Tuesday, December 2, 2014

NOW YOU SEE HIM, NOW YOU DON'T...

The Vanishing of Ambrose Small

Out all of the people in history who vanished without a trace for no discernible reason at all, there are few who can compare to Ambrose Small. His disappearance on December 2, 1919 was so sensational and mystifying that it made a permanent mark on North American history. The marvelous and controversial showman would have undoubtedly wanted it no other way.


Ambrose Small was born in 1863 and at the age of thirteen went to work in his father’s modest establishment, Toronto’s Warden Hotel. As he grew older, he began managing the hotel bar and booking entertainment for the customers. With these minor musical acts, he realized that show business was to be his life’s work. In addition to working for his father, Small also took a part-time job as an usher at the Grand Theater. He slowly worked up the ranks to assistant manager and then booking manager, arranging florid and spicy melodramas for the venue. These programs met with much success and Small began to prosper. He began to buy interests in small theaters in and around Toronto. His ambition was to own the Grand Opera House, but his offers to buy it were frequently refused. This made him all the more anxious to possess it and he began to work harder than ever to amass the necessary wealth.

Small began to make a name for himself as a daring gambler. He was never afraid to bet huge sums on races and while he always paid off when he lost, he was not above being involved in fixed races either. He managed to win $10,000 in one fixed race and began making enemies in racing circles. He also gained a reputation with women. There were a number of rejected sweethearts and angry husbands who would have loved to see something bad happen to him. The short but handsome Small, with his luxuriant walrus mustache and fancy clothes, was often seen squiring young and beautiful women about town, especially the gorgeous showgirls who worked the local theaters. He left many a hopeful starlet feeling both used and disappointed when he moved on to another attractive lady. 

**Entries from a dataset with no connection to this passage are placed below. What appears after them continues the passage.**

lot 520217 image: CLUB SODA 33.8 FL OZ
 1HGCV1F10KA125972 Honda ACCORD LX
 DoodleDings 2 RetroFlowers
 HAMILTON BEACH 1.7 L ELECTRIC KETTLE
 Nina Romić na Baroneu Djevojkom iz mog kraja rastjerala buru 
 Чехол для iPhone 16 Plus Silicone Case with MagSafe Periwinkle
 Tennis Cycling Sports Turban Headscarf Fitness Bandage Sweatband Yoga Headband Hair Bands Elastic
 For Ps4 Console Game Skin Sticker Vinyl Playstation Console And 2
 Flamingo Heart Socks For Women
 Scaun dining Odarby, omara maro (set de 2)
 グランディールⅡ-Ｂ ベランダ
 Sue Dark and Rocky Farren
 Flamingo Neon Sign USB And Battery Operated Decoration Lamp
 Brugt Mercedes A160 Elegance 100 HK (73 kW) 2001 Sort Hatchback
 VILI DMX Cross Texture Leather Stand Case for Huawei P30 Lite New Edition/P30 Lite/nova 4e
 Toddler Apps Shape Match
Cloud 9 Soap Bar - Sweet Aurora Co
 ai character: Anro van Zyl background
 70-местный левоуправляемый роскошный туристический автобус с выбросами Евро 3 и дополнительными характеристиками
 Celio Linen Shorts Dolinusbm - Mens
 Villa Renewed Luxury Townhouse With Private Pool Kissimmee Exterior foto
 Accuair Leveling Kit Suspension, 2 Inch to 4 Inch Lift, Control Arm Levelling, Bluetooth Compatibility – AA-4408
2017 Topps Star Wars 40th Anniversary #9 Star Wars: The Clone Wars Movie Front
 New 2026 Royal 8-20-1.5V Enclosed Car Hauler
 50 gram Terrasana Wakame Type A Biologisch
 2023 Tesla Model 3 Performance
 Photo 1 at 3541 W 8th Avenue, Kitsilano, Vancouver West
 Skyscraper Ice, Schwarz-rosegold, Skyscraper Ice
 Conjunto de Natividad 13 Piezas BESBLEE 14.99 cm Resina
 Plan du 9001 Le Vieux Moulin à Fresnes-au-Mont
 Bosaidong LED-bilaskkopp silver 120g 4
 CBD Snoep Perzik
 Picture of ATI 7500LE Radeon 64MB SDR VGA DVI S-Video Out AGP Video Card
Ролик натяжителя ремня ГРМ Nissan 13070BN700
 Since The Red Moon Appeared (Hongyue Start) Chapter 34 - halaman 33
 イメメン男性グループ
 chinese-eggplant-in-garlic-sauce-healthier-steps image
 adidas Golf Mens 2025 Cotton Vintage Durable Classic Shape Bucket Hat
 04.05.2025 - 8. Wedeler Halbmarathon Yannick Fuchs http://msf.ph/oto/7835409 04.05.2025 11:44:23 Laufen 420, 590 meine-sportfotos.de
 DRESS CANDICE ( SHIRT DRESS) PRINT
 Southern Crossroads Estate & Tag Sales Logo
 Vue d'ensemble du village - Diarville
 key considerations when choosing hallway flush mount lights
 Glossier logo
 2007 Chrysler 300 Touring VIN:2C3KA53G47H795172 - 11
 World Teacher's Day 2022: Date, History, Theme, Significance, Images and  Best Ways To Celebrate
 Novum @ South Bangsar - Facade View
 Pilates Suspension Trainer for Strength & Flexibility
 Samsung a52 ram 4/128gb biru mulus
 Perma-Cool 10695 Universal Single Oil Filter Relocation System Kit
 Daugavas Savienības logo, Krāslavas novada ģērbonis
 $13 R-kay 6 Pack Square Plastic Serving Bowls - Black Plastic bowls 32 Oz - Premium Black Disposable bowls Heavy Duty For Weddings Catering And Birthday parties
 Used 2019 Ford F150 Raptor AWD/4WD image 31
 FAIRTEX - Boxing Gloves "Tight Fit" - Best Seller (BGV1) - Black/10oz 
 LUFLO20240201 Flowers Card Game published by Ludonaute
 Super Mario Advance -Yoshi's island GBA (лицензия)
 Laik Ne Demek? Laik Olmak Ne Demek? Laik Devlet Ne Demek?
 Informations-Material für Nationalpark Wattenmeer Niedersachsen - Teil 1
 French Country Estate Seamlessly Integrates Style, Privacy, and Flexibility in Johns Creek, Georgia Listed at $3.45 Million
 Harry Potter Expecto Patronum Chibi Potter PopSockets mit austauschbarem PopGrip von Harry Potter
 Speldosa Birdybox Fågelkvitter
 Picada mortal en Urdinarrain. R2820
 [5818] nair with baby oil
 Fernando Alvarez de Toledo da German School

This is why it must have come as a great surprise when the rakish Small, just before his fortieth birthday, suddenly married the wealthy heiress to a brewing fortune. Whether or not Small loved his new wife, Teresa, or whether he simply loved her money is unknown. However, he did use her wealth to purchase scores of small theaters and to book the biggest-named talent that he could find into them.

Small now had his fortune and he finally realized his dream of owning the Grand Opera House. But within a few years, he began to grow tired of his marriage and his secure business life and he began gambling and seeing women again. In order to conduct his affairs discreetly, he ordered that a secret room be constructed to adjoin his office at the opera house. The room was fitted with heavy drapes to muffle sound, a deep Oriental carpet, a well-stocked bar and a gigantic bed with satin sheets and pillows. Many a beautiful young woman was willingly ravished in the clandestine chamber.

As his fortune grew, Small continued to make enemies. He made his prejudices well known to anyone who would listen, even strangers. He disliked children, Catholics and the poor and felt that making donations to charity was foolish. He continued to gamble, growing more and more daring with his wagers, and he began to win huge sums of money. Small was able to keep informed of the races at every track in the United States and he bet on most of them. He became more interested in wagering than in running his theatrical empire, which now included almost every theater in eastern Canada. He spent huge sums of money and treated his employees and business associates with disdain. Small placed much of his business dealings in the hands of his private secretary, John Doughty, who was well aware of his employer’s dark and secret habits. Doughty, though, had secrets of his own.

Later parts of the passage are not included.